Paper Monitor
A service highlighting the riches of the daily press.
Upon a microblogging site this morning, one stumbled across this irresistible post from the Daily Telegraph:
@Telegraph: The thrill of dressing like Mrs Thatcher tgr.ph/OrCiYA
Reader, one clicked on it. For if this is not the definitive Telegraph feature idea, then what is?
A well-known auction house is selling a selection of the Iron Lady's outfits, and the paper dispatches fashion writer Hannah Betts to play dress-up. Sadly, this doesn't make the print version of the paper - it being filled with pictures of assorted happy hard-bodies - but for once, this shall not deter your humble correspondent.
"It is not a happy time for those of us with a feeling for fashion. There is too much Lycra about and far too much rain. Well, no more. For someone is bringing style back - and it is not a someone you would expect. Step forward one Margaret Thatcher, summer's most modish poster girl. This weekend, seven of Baroness Thatcher's ensembles are on sale at Christie's. And so, somehow I found myself donning her threads, crying as I twirled about in her gold lame: 'Thatch, you took our milk, but you gave us style.'
And not a blue power suit amongst them. There is the aforementioned gold, but also "shrimp, grass green, turquoise, even multi-colour". The outfits date from the 1970s when she was trying to stand apart from the men in suits.
"One immediately feels an urge to impose Thatcher-like perfection. I find myself adjusting a collar, repositioning a hem here, tweaking a pussy bow there, and tutting pettishly over creases. A fly lands on one of the razor-sharp pleats of the canary conference show-stopper and I actually emit a scream. How does it have the audacity?"

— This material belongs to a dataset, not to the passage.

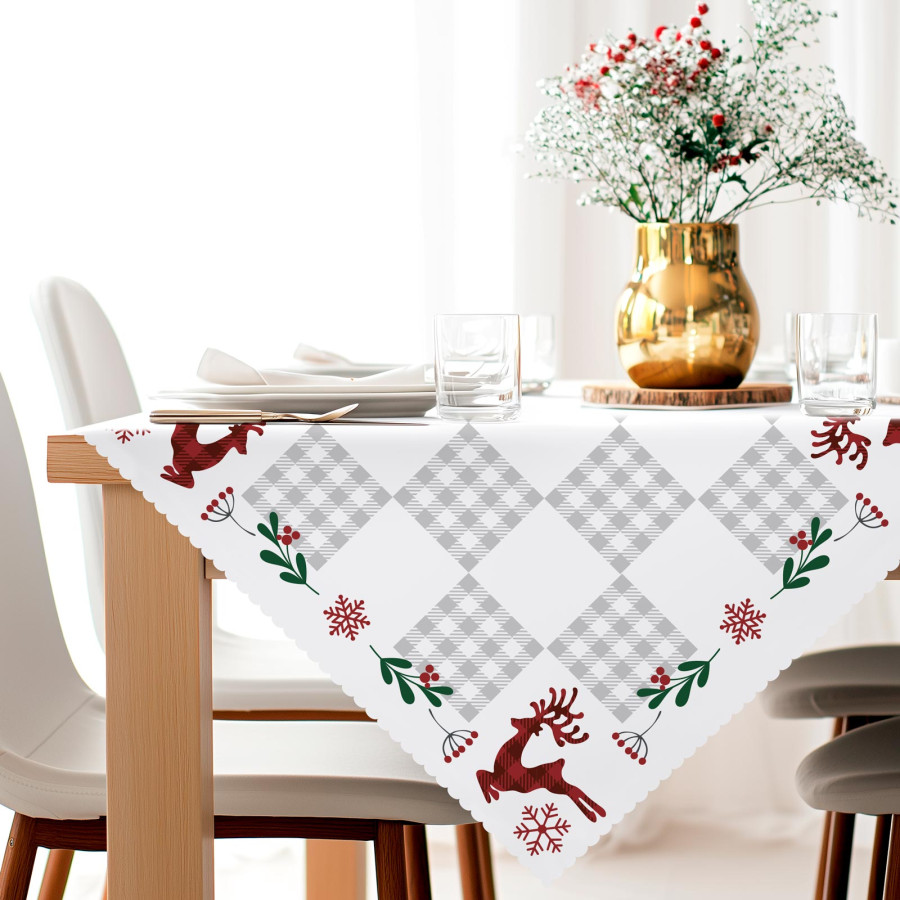 KRATA PATCHWORK Serweta NINA WODOODPORNA, 80x80cm, kolor 001 biały PBN350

Meanwhile, there are photos aplenty of Bradley Wiggins in the winner's throne at Hampton Court Palace following his gold-medal performance in the cycling time trial.
Maybe it's the sun in his eyes, or perhaps his Lycra is pinching a little, but Wiggo looks a little... discomforted as he sits in golden splendour, with Henry VIII's favourite palace as a backdrop.